A exceção a essa regra são os cargos em comissão, declarados em lei de livre nomeação e exoneração, e as funções de confiança, privativas de servidores ocupantes de cargos efetivos, que se destinam exclusivamente às atribuições de direção, chefia e assessoramento.
Assim, via de regra, os grupos não são formados em razão das competências, características e aptidões dos indivíduos que os compõem, nem em decorrência das relações profissionais ou pessoais formadas entres eles, mas pelo resultado da lotação dos servidores nas vagas existentes, de acordo com a vontade do interessado, com a oportunidade e, em algumas situações, por interesse do gestor.
Entretanto, com a evolução da administração pública para o modelo gerencial, na seara pública, assim como na privada, cada vez mais a satisfação do cliente, a melhoria da produtividade e da qualidade, a redução dos custos, a observância dos prazos e a obtenção de resultados positivos dependem do desempenho das pessoas, que, indubitavelmente, segundo assinalado anteriormente, é superior quando se trabalha em equipe, sendo, por conseguinte, indispensável o seu desenvolvimento.
As equipes de trabalho são, inquestionavelmente, indispensáveis para que, na sociedade atual, a administração pública tenha condições de atender ao comando do art. 37, caput, da Constituição Federal, de que a administração pública, em qualquer esfera, deverá obedecer, dentre outros, o princípio da eficiência.
É o que exsurge das palavras de Lenza (2103, p. 1375-1376), ao discorrer sobre o referido princípio da administração pública:
“Se, na iniciativa privada, se busca a excelência e a efetividade, na administração, outro não poderia ser o caminho, enaltecido pela EC n° 19/98, que, em boa hora, fixou a eficiência também para a Administração Pública.
A ordem do dia é a produtividade, e o Estado deve conseguir alcançar os resultados.

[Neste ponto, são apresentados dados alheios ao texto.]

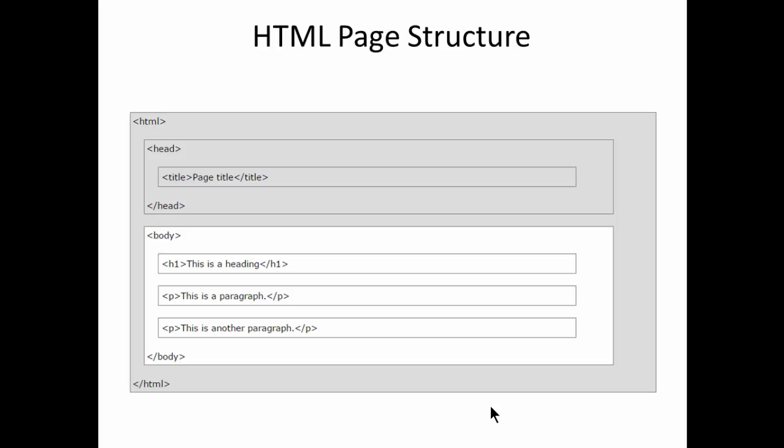This is going to be the structure of HTML which we are going to write programs, HTML code here. Here it is a collection of tags. If you see, the HTML is the beginning tag and in the closing side we have HTML closing tag here.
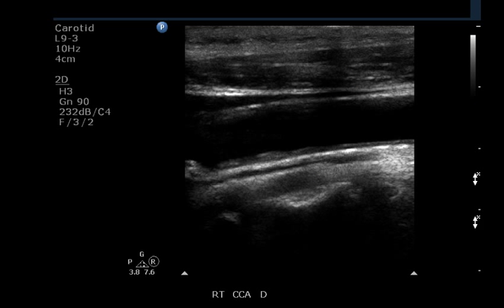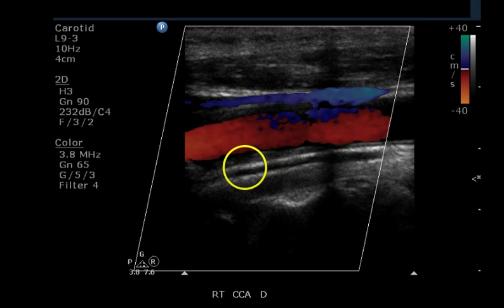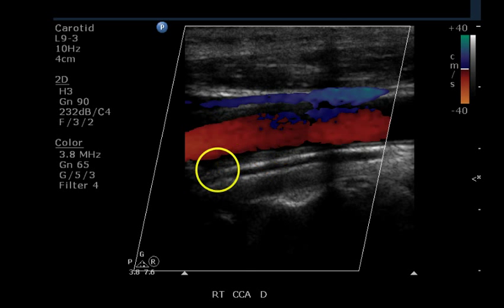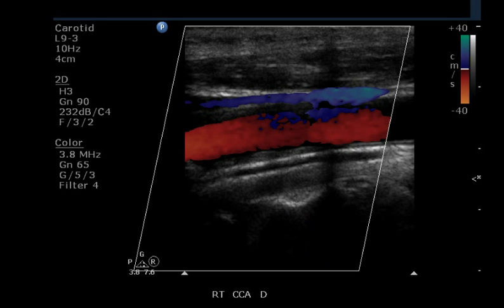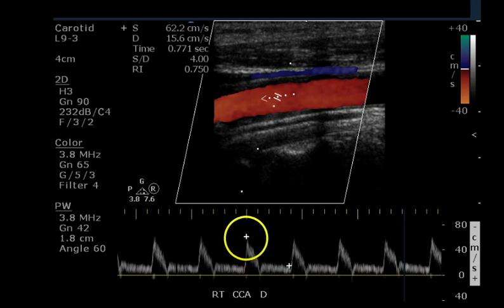This is grayscale imaging of the distal common carotid artery, and it does appear that there is a small amount of intimal thickening. Color Doppler confirms that — we can see the flow does not go all the way to the outer wall, but just to this thickened intima in both the far field and near field. Pulse Doppler shows a perfectly normal signal with a beautiful waveform, nice spectral window, very sharp straight upstroke, and a nice dicrotic notch.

Para tanto, mecanismos de incentivo devem existir para os servidores (e controle do desempenho deles), mas, também, a Administração terá que estar dotada de estrutura para a sua concretização.
José Afonso da Silva destaca que ‘o princípio da eficiência administrativa consiste na organização racional dos meios e recursos humanos, materiais e institucionais para prestação de serviços públicos de qualidade em condições econômicas de igualdade dos consumidores’.”

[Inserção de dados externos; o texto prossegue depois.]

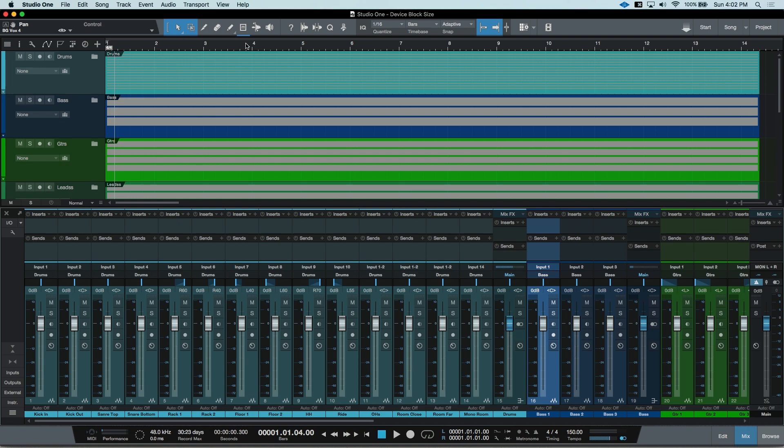You can find the device block size in the audio device control panel. The hotkey on Mac is command comma and on PC it's control and comma.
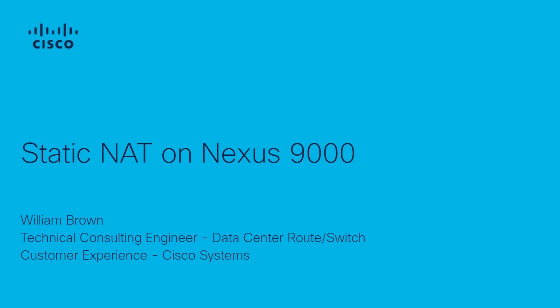Hi, welcome to a brief tutorial demonstrating how to configure Static NAT on a Nexus switch. My name is William Brown, and I am a Nexus Data Center Route Switch Engineer at Cisco.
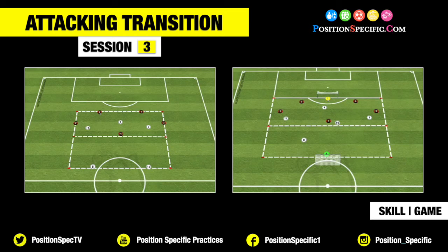Hello everyone and welcome back to positionspecific.com and welcome to this attacking transition session number three. In this session, we have a skill practice and a game practice, both opposed practices, so we have that random element needed for the players when working in the transition moments.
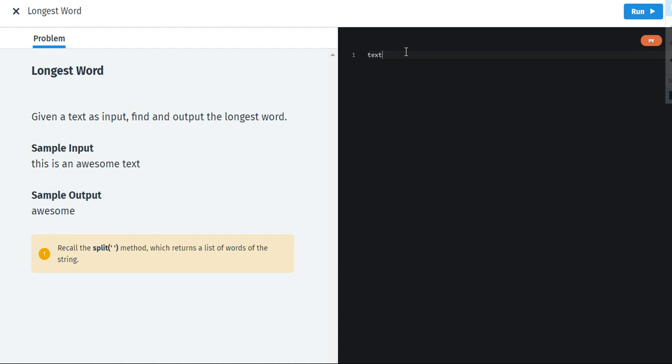First we are going to make a variable which is text and this text will be equal to input. Now as per this pink box, we are going to use the split method right here. So this is the split method which we are going to use. We have to take the computer input because whatever the computer is giving us an input, that should be taken. We cannot take any word of our own or any sentence of our own.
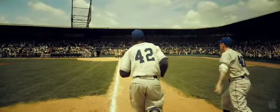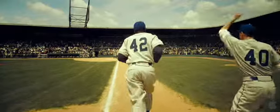You give me a uniform, you give me a number on my back, and I'll give you the guts.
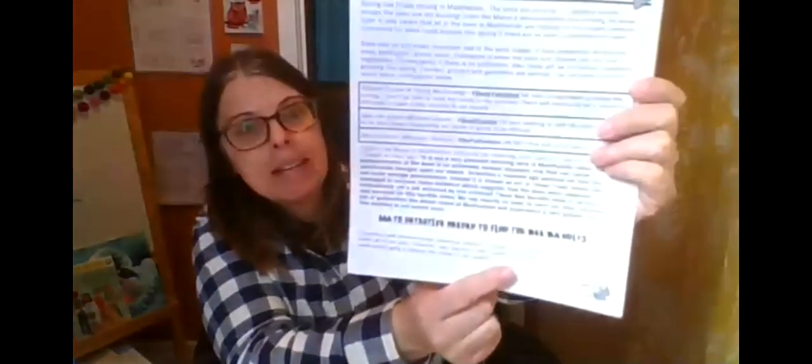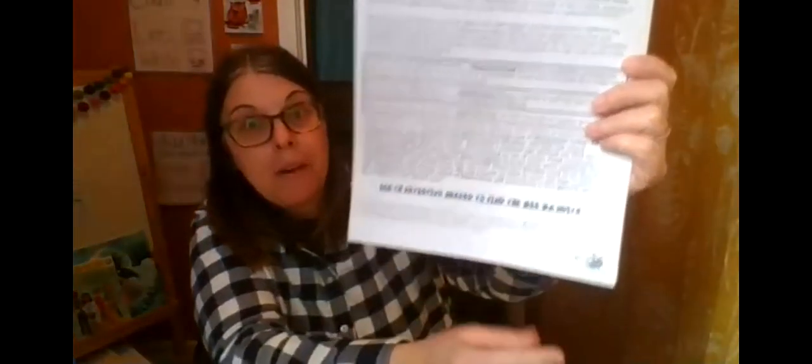And then down here it says math detectives needed to find the bee bandits. And we are going to be those math detectives. Are you ready for this? Yeah, ready to be a math detective and solve the case of the bee bandits?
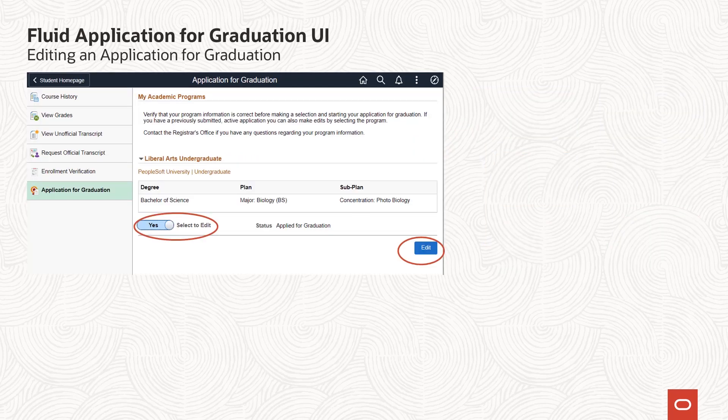After submitting, an application for graduation can be edited as long as the student's degree checkout status remains as applied and the system date is within the graduation application date range. An additional last date to edit has been added specifically for this fluid feature, which can be used to control access to the edit function. The My Programs page displays the status of the application and if edit is allowed, the student can select and take an edit action. Once navigated to the activity, the pages behave in the same way in edit mode, using the same configuration.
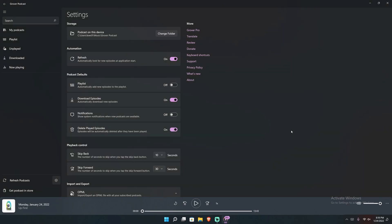I haven't paid for pro. This is Grover free. And as far as I can tell, Grover free does everything that I could possibly want from a podcast app other than that playing a podcast without needing to subscribe first.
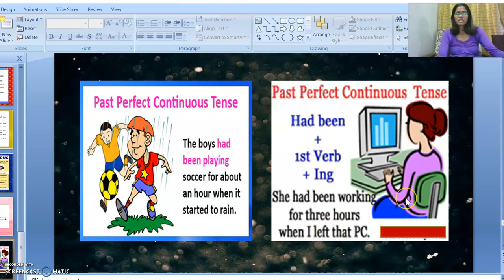For example, suppose I started working in ABC company in 2001 and continued working there till 2010. Right now it's 2020, which means I have left the job and I'm no longer working there. So that is an example of past perfect continuous tense.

3.1 Formação de equipes no serviço público: dificuldades encontradas
A forma como são estruturados os grupos de trabalho no serviço público gera diversas barreiras à formação de equipes, principalmente, de equipes de alta performance, entendidas estas, consoante já mencionado, como grupos de trabalho em que os seus integrantes têm alto grau de comprometimento com o seu desempenho e com o desempenho dos demais membros, além de real responsabilidade pelos resultados e pelo alcance das metas.

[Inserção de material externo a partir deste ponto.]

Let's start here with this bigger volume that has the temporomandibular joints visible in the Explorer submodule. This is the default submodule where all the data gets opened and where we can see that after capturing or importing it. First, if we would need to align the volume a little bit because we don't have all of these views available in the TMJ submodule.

O primeiro e talvez mais grave empecilho à constituição de uma equipe no serviço público é o modo como se dá sua formação, sem que o próprio gestor responsável pelo grupo seja imbuído dessa função em decorrência de suas aptidões e de seus conhecimentos gerenciais.
Diferentemente do que ocorre no setor privado, o gestor, na maioria das vezes, é colocado em atividade de chefia pela aprovação em concurso público ou processo seletivo ou pela nomeação para exercício de cargo em comissão ou função de confiança, mesmo sem ter qualquer formação na área de administração e de gestão de pessoas e sem receber qualquer treinamento ou capacitação para tanto.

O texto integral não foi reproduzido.